Viewers eagerly awaiting the arrival of HBO’s Westworld found themselves concerned earlier this year when production on the sci-fi series was halted – in most cases, that tends to be a strong indication that something is amiss. But in this case, it turns out that showrunners Jonathan Nolan and Lisa Joy has requested additional time from the network to craft the final episodes of the first season, in order to make sure that it lives up to their own standards – not to mention those of the cable giant itself.

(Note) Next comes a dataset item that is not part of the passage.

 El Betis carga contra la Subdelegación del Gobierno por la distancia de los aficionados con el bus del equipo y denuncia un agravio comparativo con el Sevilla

But during that downtime, it looks like Nolan and Joy were able to accomplish another goal as well, creating a road map that charts the course of Westworld from its debut next month, all the way to the eventual series finale. Speaking to Entertainment Weekly, series star James Marden offered some details on the creative process that led to the team locking down the future of the show’s mythology:
“It wasn’t about getting the first 10 [episodes] done, it was about mapping out what the next 5 or 6 years are going to be. We wanted everything in line so that when the very last episode airs and we have our show finale, five or seven years down the line, we knew how it was going to end the first season – that’s the way Jonah and [executive producer J.J. Abrams] operate. They’re making sure all the ducks are in the row. And it’s a testament to Jonah and Lisa and HBO that we got them right, especially the last three scripts. They could have rushed them and get spread too thin. They got them right, and when they were right, we went and shot them.”

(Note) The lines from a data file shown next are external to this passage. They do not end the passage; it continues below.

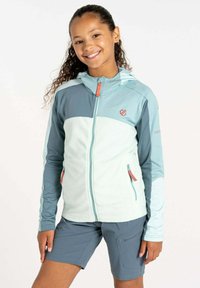 Helle blaue Zip-Hoodie aus weichem Stoff mit einem Fleece-Unterteil, kombiniert mit dunkelblauen Shorts. Mit Reißverschlusstaschen und kontrastierenden Akzenten.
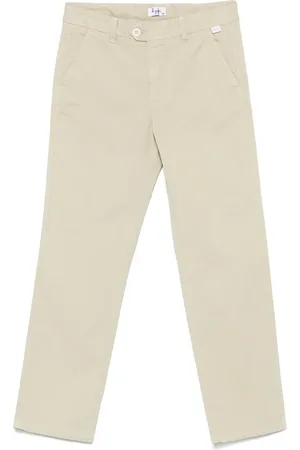 Il gufo Chino mit Logo-Detail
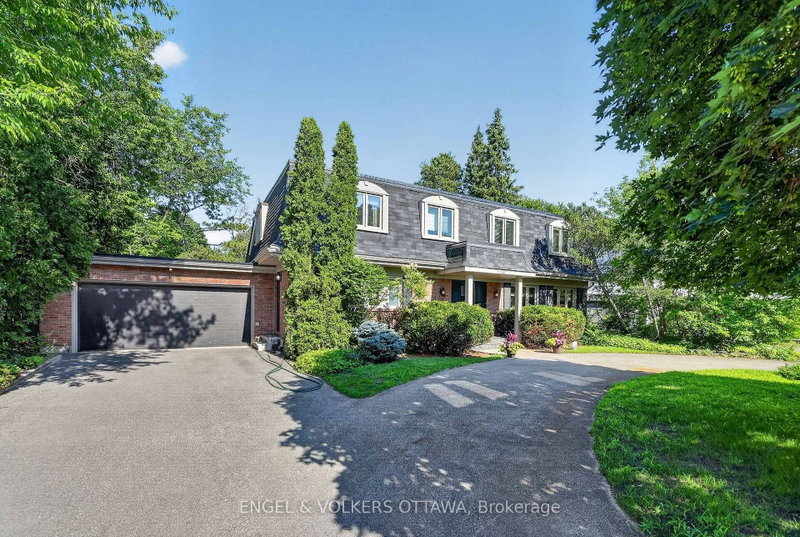 1907 Fairmeadow Crescent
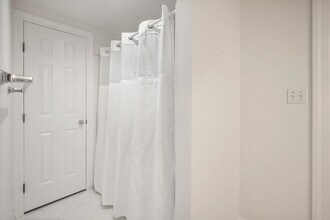 7008 Foxcroft Pl in Prospect, KY - Building Photo - Building Photo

Nolan and Joy’s original pitch was for three or four seasons, but based on these comments it sounds like they’ve expanded on some of their original ideas. In fact, Nolan draws some comparisons to another HBO series, Game of Thrones, and points out that while that show has the benefit of George R.R. Martin’s sprawling novels to draw inspiration, the existing Westworld lore is limited:
“We would joke that don’t have George, we don’t have the novels,” he says. “We have a fantastic original film, but that’s a little under two hours of storytelling. So our joke was we have to write the ‘novels’ first, and then adapt them and then go shoot them.”
But the fact that Nolan and Joy are being forced to create an entire world around the series also affords them tremendous creative opportunity, and Nolan promises that newer seasons will not be a rehash of the first:
“We didn’t want the Fantasy Island version of this [where new guests arrive at the park every season]. We wanted a big story. We wanted the story of the origin of a new species and how that would play out in its complexity.”
Personally, I love the idea of a series being envisioned with a definitive endpoint – I think it allows the creative teams to keep their eye on the prize and tell stories that ultimately lead toward that goal, rather than trying to artificially extend a show simply because it’s popular. It sounds like Nolan and Joy know exactly where they want to go with Westworld, and I can’t wait to see where it leads.
Westworld is scheduled to premiere on October 2, exclusively on HBO.